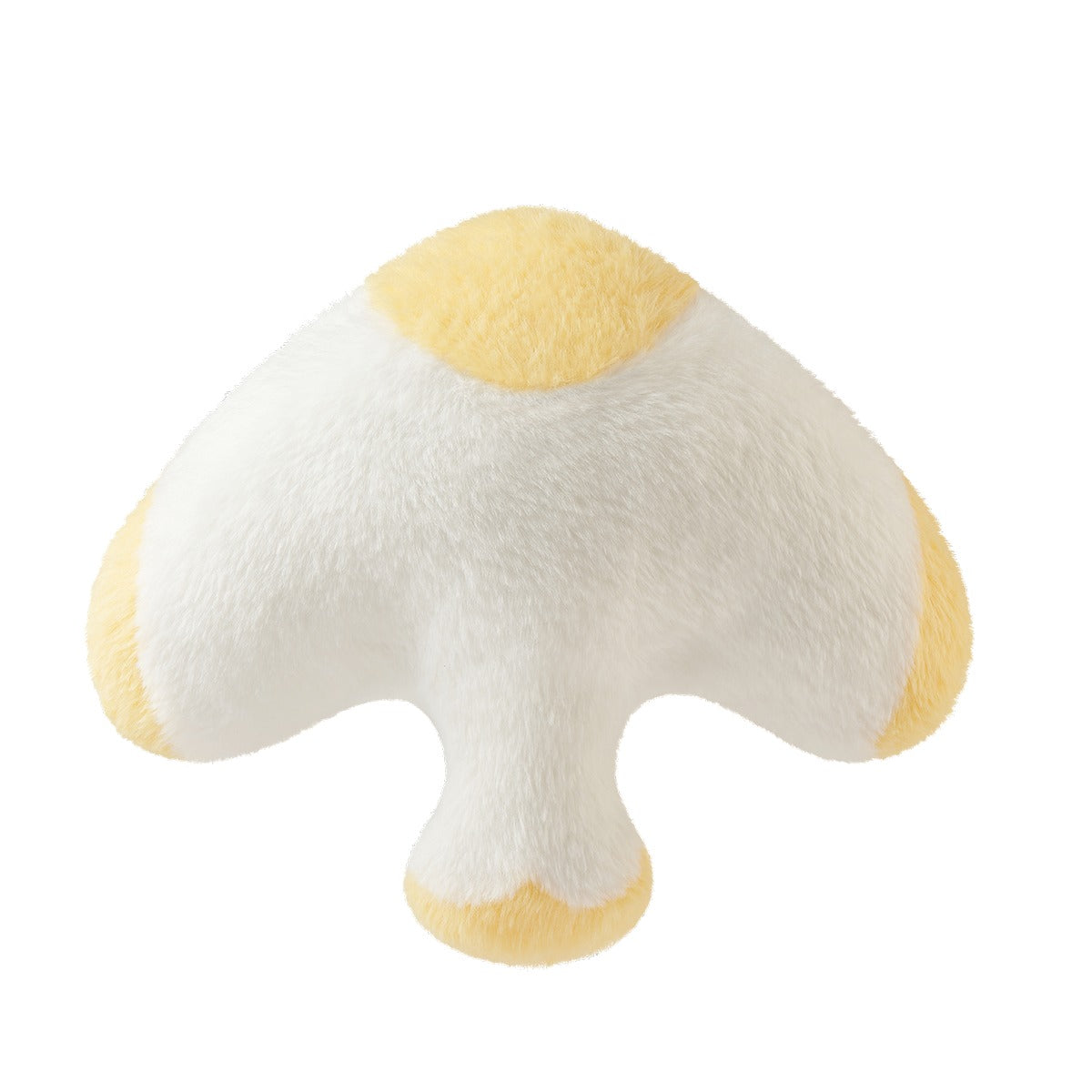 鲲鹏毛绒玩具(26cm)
- - -
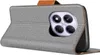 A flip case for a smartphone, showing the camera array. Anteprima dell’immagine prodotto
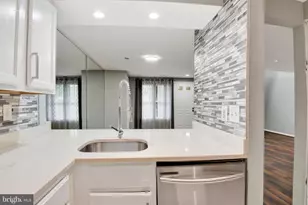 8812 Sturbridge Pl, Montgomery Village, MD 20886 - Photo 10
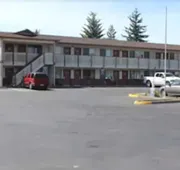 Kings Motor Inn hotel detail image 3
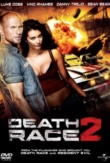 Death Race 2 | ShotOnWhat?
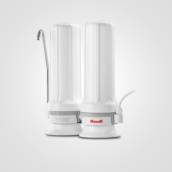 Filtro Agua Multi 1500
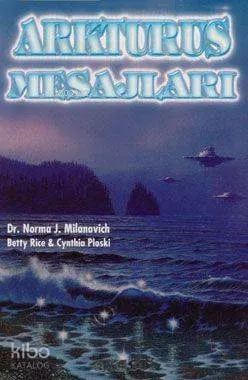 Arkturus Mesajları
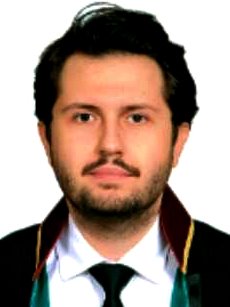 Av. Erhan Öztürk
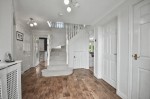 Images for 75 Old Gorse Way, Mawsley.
- - -
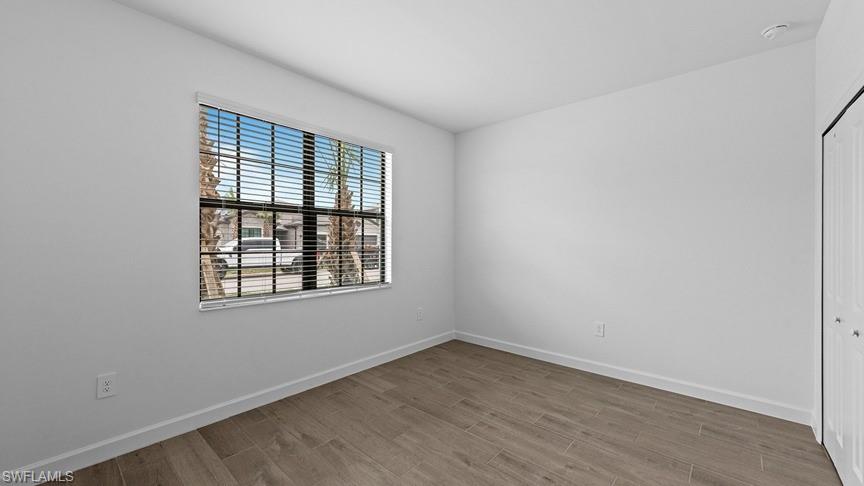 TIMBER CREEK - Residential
- - -
Required work:
Copy only this from above: the line containing "Filtro Agua Multi 1500", the line containing "Images for 75 Old Gorse Way, Mawsley.", and all lines between, printed exactly. Leave out the pictures.

Answer to this task:
 Filtro Agua Multi 1500
 Arkturus Mesajları
 Av. Erhan Öztürk
 Images for 75 Old Gorse Way, Mawsley.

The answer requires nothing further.